2) When exporting to PDF, Confluence stupidly demotes all headings by page heiarchy. This means that your h1 (or .wiki-content h1) style appears exactly once: as the title of your home page. All other pages are h2. Their child pages are h3, and if those pages have children, they are h4, and so on.
On top of that, all of the styles on your page will also be demoted the same amount as the page. This means that if you have a page with text in h1 style, and it has a child with text in h1 style, your first page will display its text in h2 and your child page will display its text in h3.

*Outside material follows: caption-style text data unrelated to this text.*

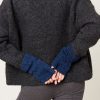 Accessories Nishiguchi Kutsushita | Wool Hand Warmers In Deep Blue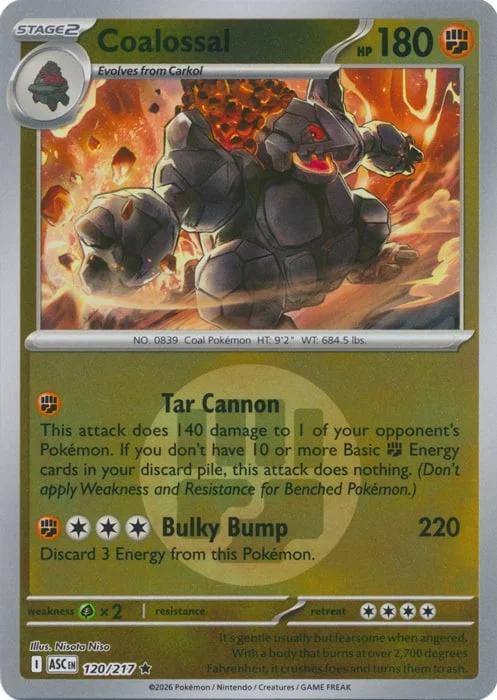 Coalossal — Ascended Heroes - Energy Reverse Holo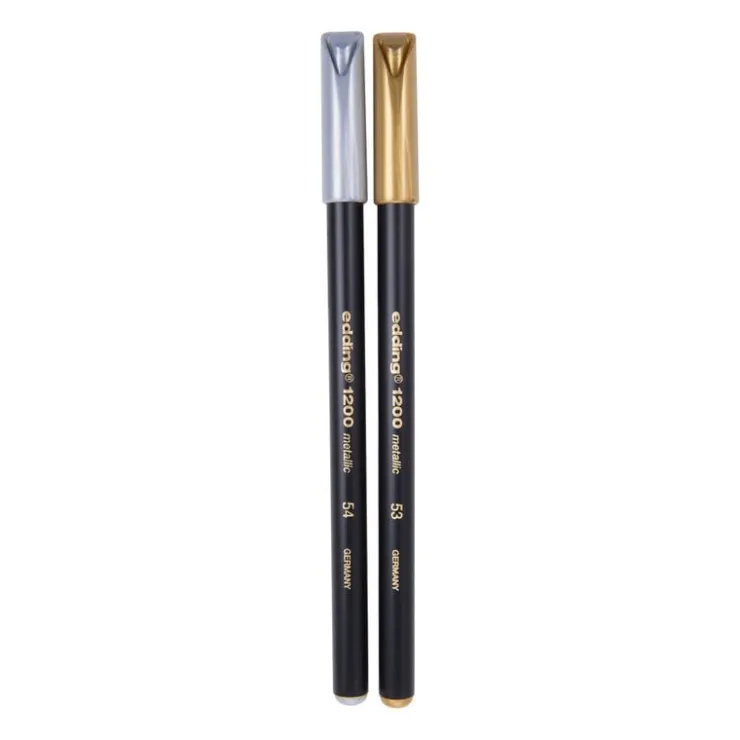 Edding 1200 metallic viltstiften - set van 2- Stiften|Kerst Knutselen
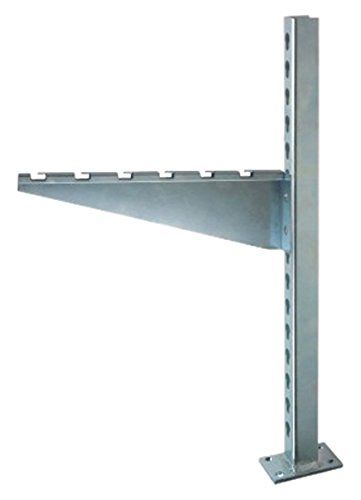 CABLE TRAY 8" FLAG TYPE FLOOR STAND, ZINC (questm_CT0029-08-03)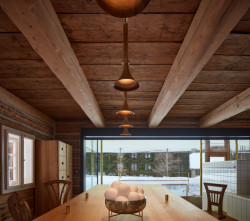 Skleněná chalupa v Jizerských horách od studia Mjölk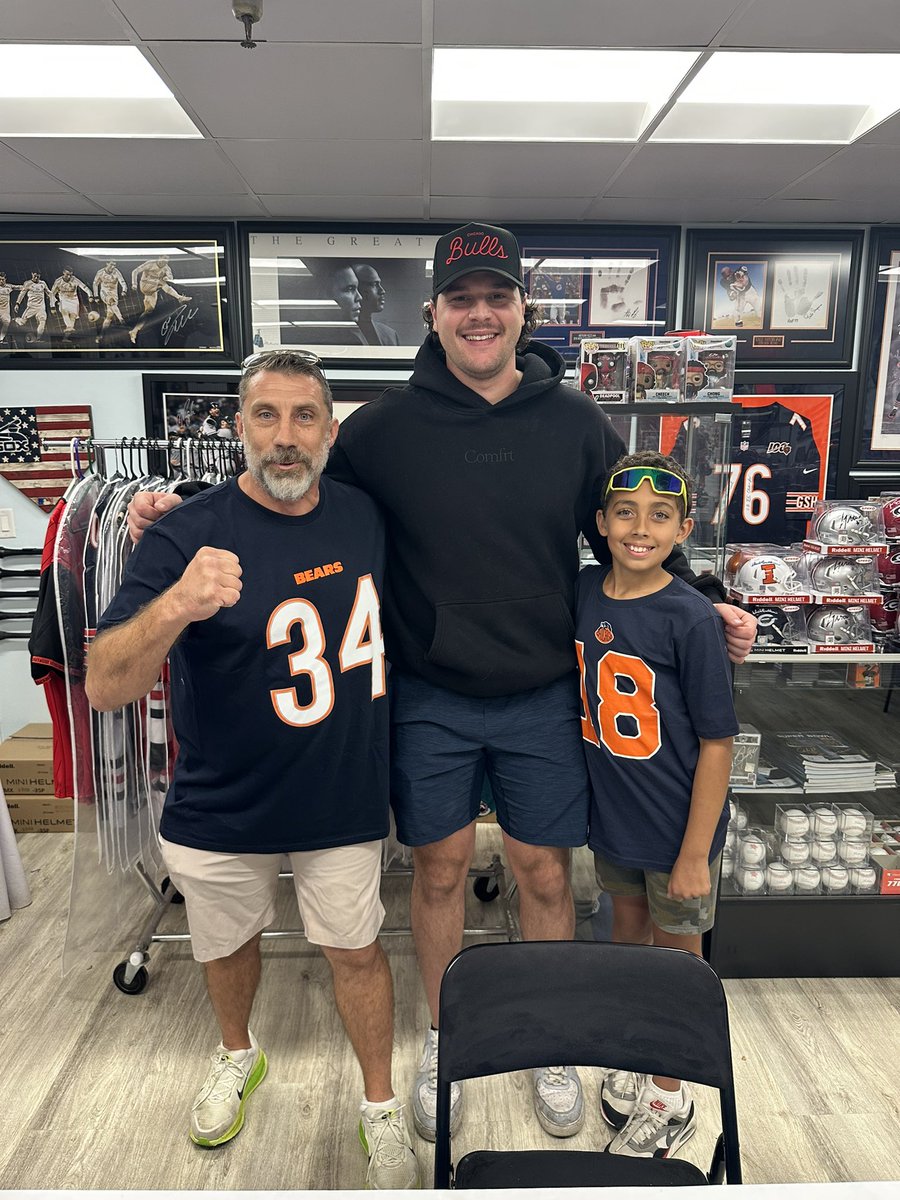TheHypeMan77's tweet photo. Huge thank you to Neil and all the staff at Elite Icons Framing!! They are seriously the coolest people on the planet and true sports fans!! I literally cannot say enough good things about them!!!!! This is the second time my son and I got to meet at Elite with Mike Vasil! I know I speak for the entire White Sox fandom when I express how much this 2026 White Sox team electrified the city! Being able to watch this team just kickass and play gritty baseball all year meant so much to all of us!! We are all human beings who dealt with adversity of some sort, whether it was death or illness of a family member…. This team helped us forget our woes and energized the city!!! Can’t wait to cheer Mike Vasil and this Sox team on!! He’s going to absolutely crush it now that he’s healthy!! My son, Jonathan and I, literally just took these photos with him and I feel like I’m going to be juiced up with energy for hours!! That’s what Mike and this Sox team do to ppl!  They literally juice the city with positive energy!!! Thanks again, Neil , and everyone at Elite Icons Framing! And thanks to Mike Vasil and the 2026 Chicago White Sox!!! Elite Icons Framing & Memorabilia Please please please checkout Elite for any of your sports memorabilia and framing needs!! Awesome ppl!! And I cannot say enough good things about them!!! I’m such a big kid!!  And now a father and son meal at Buona Beef! This 2026 White Sox team, especially Mike Vasil and Chase created the Hype Man! And the Hype Man is all of us!! The Hype Man is a metaphor for all of us humans who face adversity and find a way to overcome it and turn all of that energy into something positive!! @EliteIcons hope I’m tagging the correct Elite Icons and Framing. They are in Westmont , IL! Awesome place! Go White Sox!! Mike signed a photo for my dear friend, Steve, who is battling Multiple Myeloma!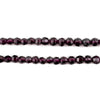 Graduated Faceted Round Garnet Beads (4-7mm)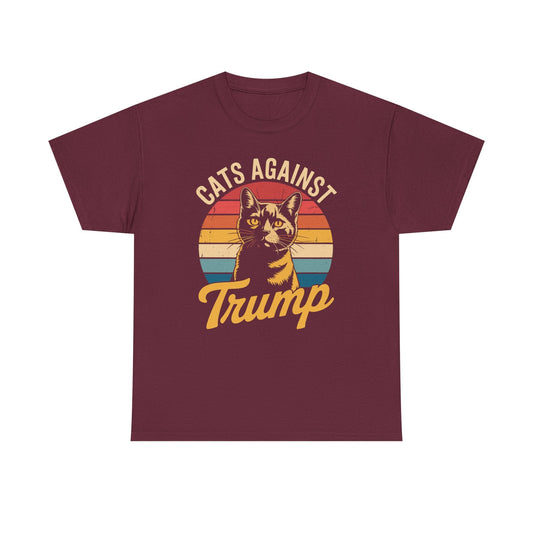 Cats Against Trump Funny Anti Trump Election Funny Cat T-Shirt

Therefore, it does you no good to match your .wiki-content heading styles to the web page styles (specifically, the fact that h6 is display: block), because what text is classified as h6 depends on what page it is on. This particular bit of genius should have resulted in an automatic sacking for someone, as it demonstrates that Atlassian simply does not understand the concepts of formatting, exporting, or reading documents.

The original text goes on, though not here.